Requirement: Exact copies of the lines below, from the one with "Lily rectangular laundry" up to and including the one with "Mundial Folheto - válido", are what this calls for; leave out pictures.

Entries provided:
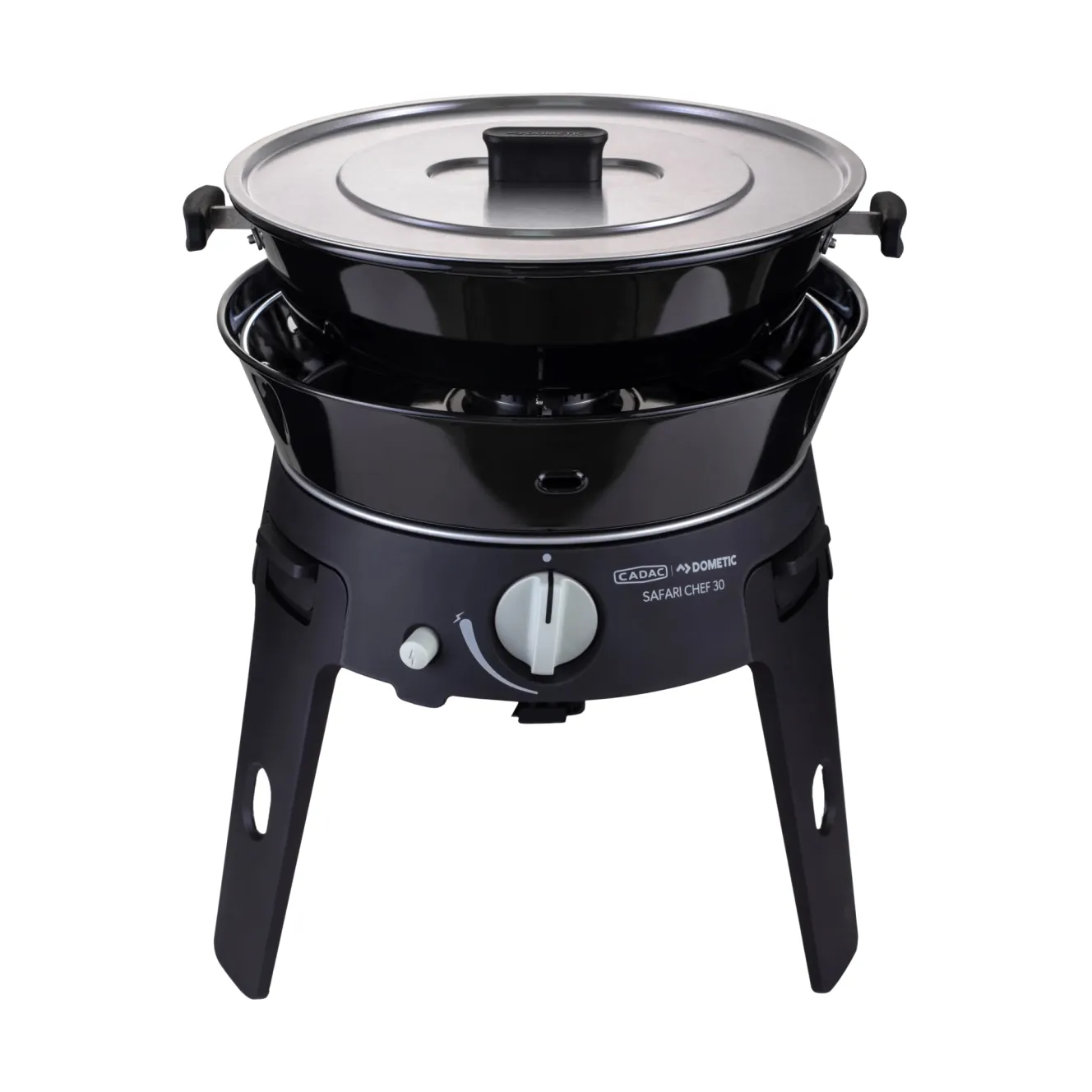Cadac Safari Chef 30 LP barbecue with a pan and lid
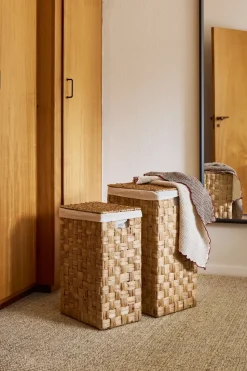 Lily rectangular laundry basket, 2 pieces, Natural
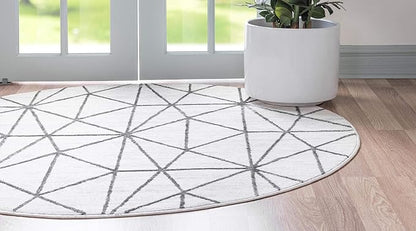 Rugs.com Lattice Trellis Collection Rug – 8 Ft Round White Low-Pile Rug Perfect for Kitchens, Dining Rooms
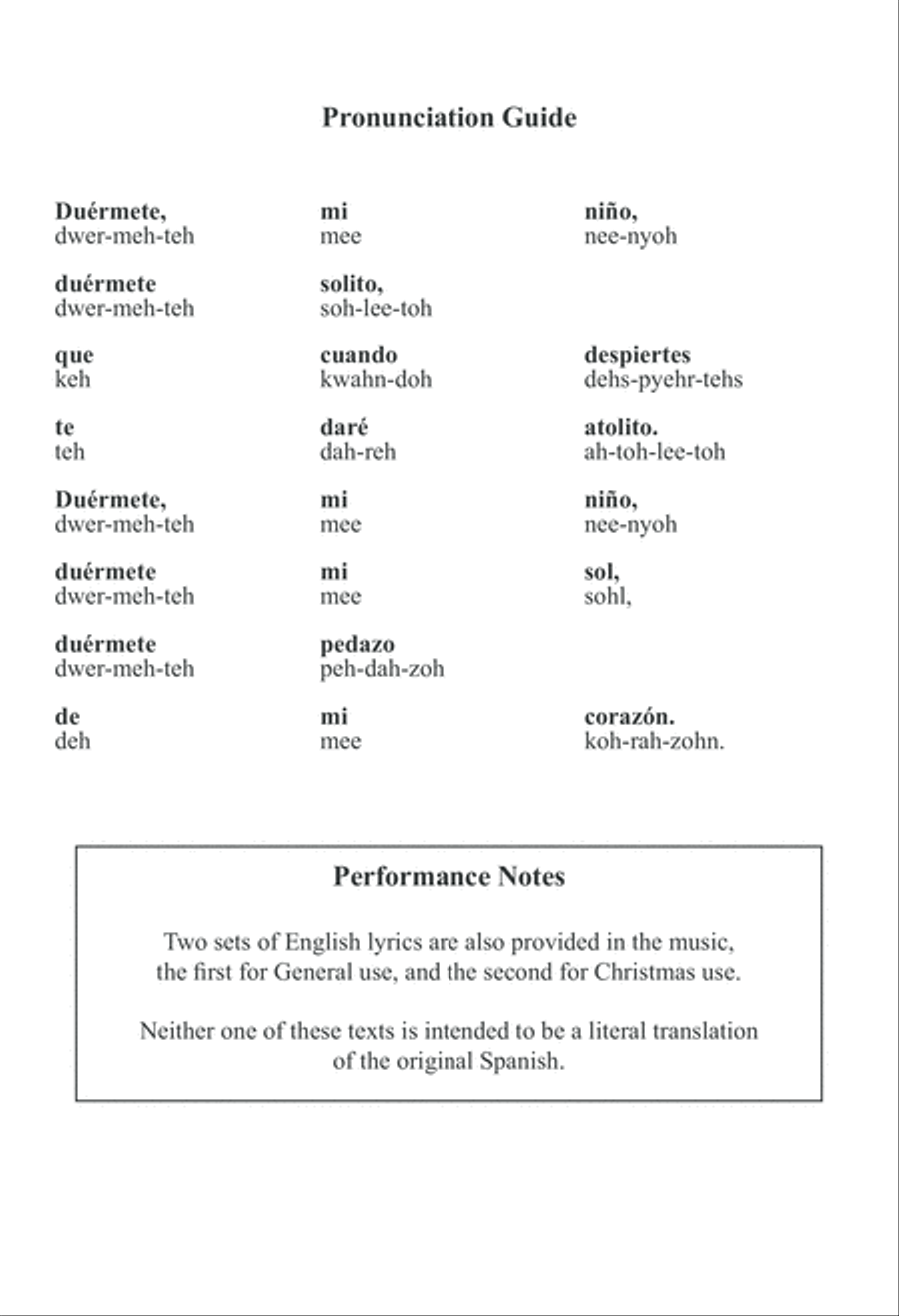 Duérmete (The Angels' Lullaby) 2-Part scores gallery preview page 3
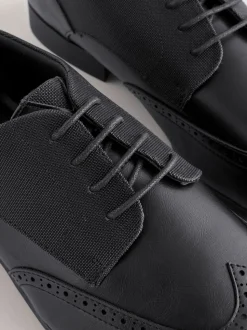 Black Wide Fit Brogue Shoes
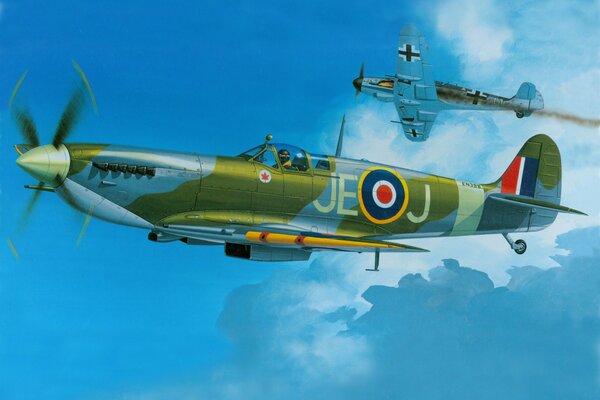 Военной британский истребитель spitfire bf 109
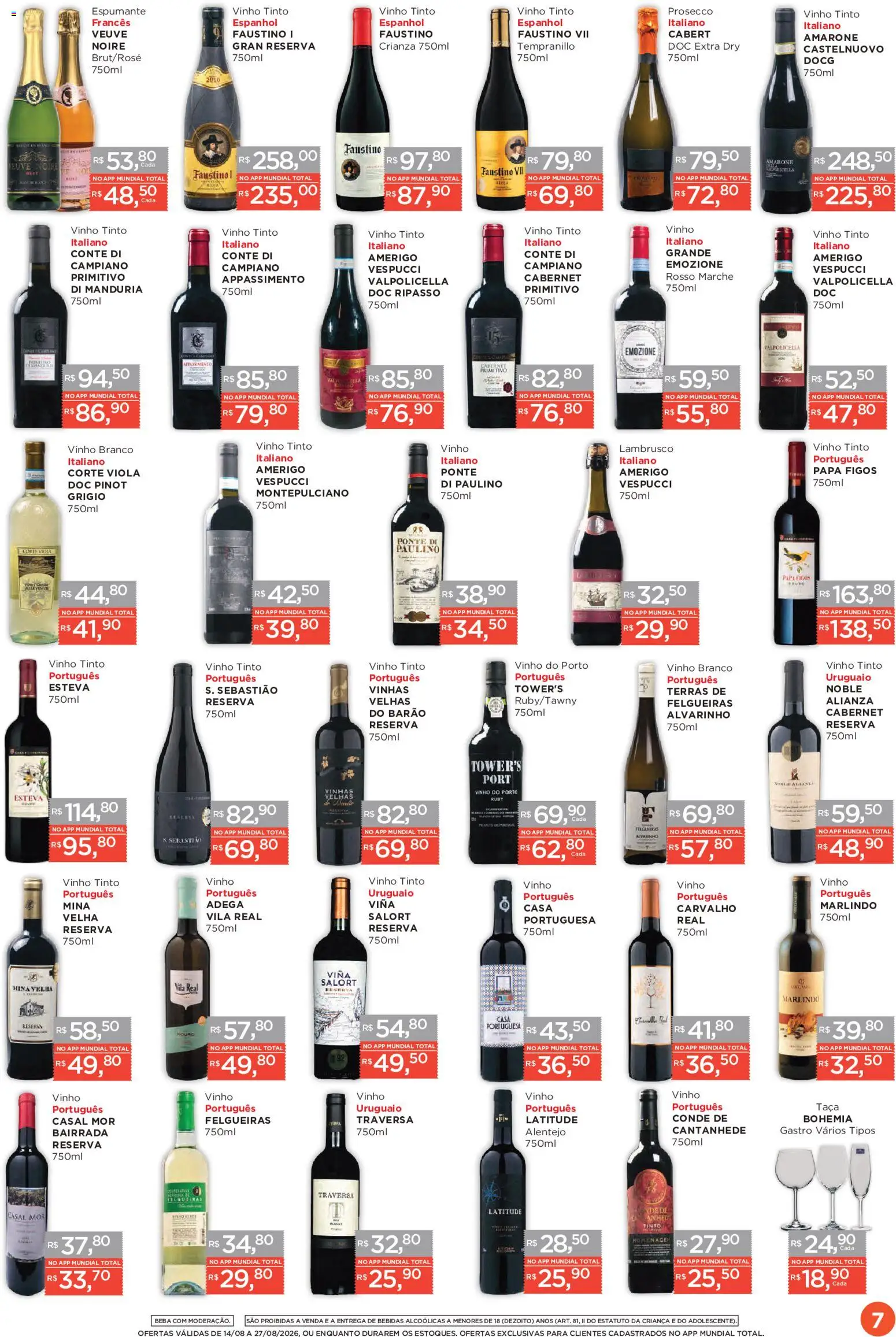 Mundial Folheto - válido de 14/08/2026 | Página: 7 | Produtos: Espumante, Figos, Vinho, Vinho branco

==

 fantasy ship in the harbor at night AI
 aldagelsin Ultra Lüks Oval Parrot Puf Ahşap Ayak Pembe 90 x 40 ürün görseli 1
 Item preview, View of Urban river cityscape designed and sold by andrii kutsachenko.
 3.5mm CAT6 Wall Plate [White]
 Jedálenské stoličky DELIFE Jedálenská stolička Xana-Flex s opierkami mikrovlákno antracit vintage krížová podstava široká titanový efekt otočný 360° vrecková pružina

Problem solution:
 Lily rectangular laundry basket, 2 pieces, Natural
 Rugs.com Lattice Trellis Collection Rug – 8 Ft Round White Low-Pile Rug Perfect for Kitchens, Dining Rooms
 Duérmete (The Angels' Lullaby) 2-Part scores gallery preview page 3
 Black Wide Fit Brogue Shoes
 Военной британский истребитель spitfire bf 109
 Mundial Folheto - válido de 14/08/2026 | Página: 7 | Produtos: Espumante, Figos, Vinho, Vinho branco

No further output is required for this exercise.